Kinni420 wrote:ive done a bunch of testing while riding the bike and I find its actually more efficient at higher speeds.
14 mph 700w avg
23 mph 350 w avg
crazy to be getting more mileage out of more speed - I cant get off this damn thing LOL
I find the same thing "for the same throttle setting" and I don't think that's wrong. I expected it, and that's what the simulator predicts. I can maintain 21-23 mph using 240-270W on the recumbent. The power I need is used to maintain forward motion over the frictional losses plus wind resistance. (and BTW: I'm running 80-90 PSI in my tires)
At the higher speed, the motor generates more back-EMF, so less current flow, less power used and less available torque. In fact, if you watch on a 2810 you'll ALWAYS burn more power at low speed unless you really "feather" the throttle back. You can see this reflected in the curves on the ebikes.ca simulator. I don't care which motor you pick, the torque curve goes down and reaches zero. Power consumption rises to a maximum, then decreases
, as you reach the maximum available voltage and speed of the motor.
In the sim, these curves go all the way to zero. On my recumbent, I "enjoyed" this fact when I was pedaling my ass off to keep the bike at or above 20mph. A 250W motor would have been fine to keep me at 22-23mph on flat land. At higher speeds, as you apply more throttle, the power consumption spikes, but as the motor "catches up" with it's own rotating field, power consumption once again drops. (I'd love to see motor voltage plotted on the simulator. )

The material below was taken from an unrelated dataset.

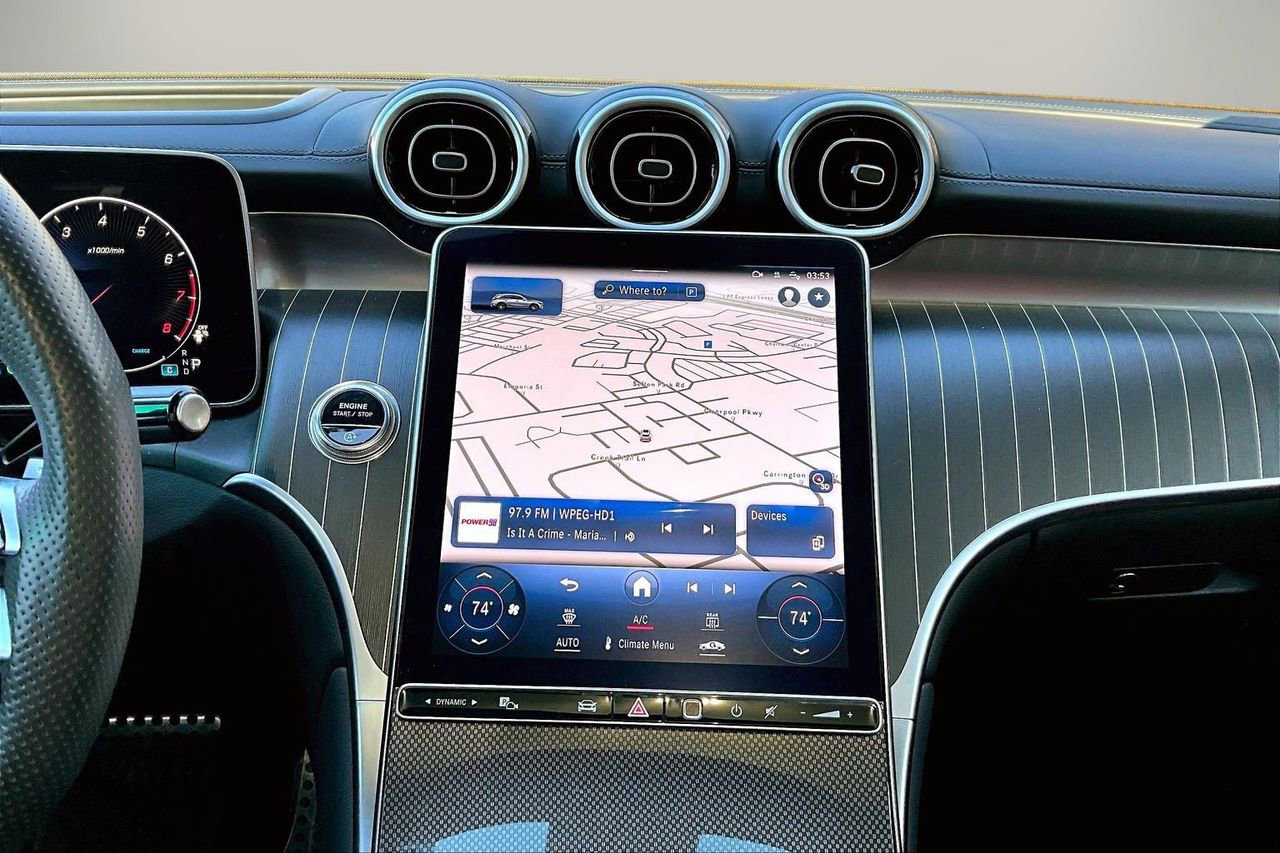 Used 2023 Mercedes-Benz GLC 300 image 12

Same is true, say, when you're going down a hill and picking up speed on your own. True, you're converting potential to kinetic energy, and so the motor doesn't "have to" supply power, but that's not the only effect in play. The motor is spinning faster and generating higher back EMF as you move the coils through the PM field.
Say you're going close to the motor's maximum speed, like in your video when you go pas the radar sign (31MPH, awesome!)
You'll see it's not possible to push the motor any further with 72V. It won't take any power from the controller at all. The "cogging" of an unloaded motor generates power itself and at high speed, as the motor generates enough back-EMF to push current back through the controller, you can't go any faster.
That's the same reason the motor's max speed is in proportion to the higher voltage we apply. If I want any more than about 32mph, I gotta go above 18S. I've been wondering about making a 22S (96v) LiPo brick and see what happens with the motor. (I THINK our 25A IFRB controllers can handle that without failing...now I know what my next test should be! )
Another thing I've noticed: even though our 2810 motors aren't in the simulator, the curves for the 2808 look awfully close to the performance I'm seeing with the 2810 on a 26" wheel.
Hey, tell me: (since you're running 72VDC also) - my controller and batteries don't get hot, or even warm, when I ride. Is that what you are seeing?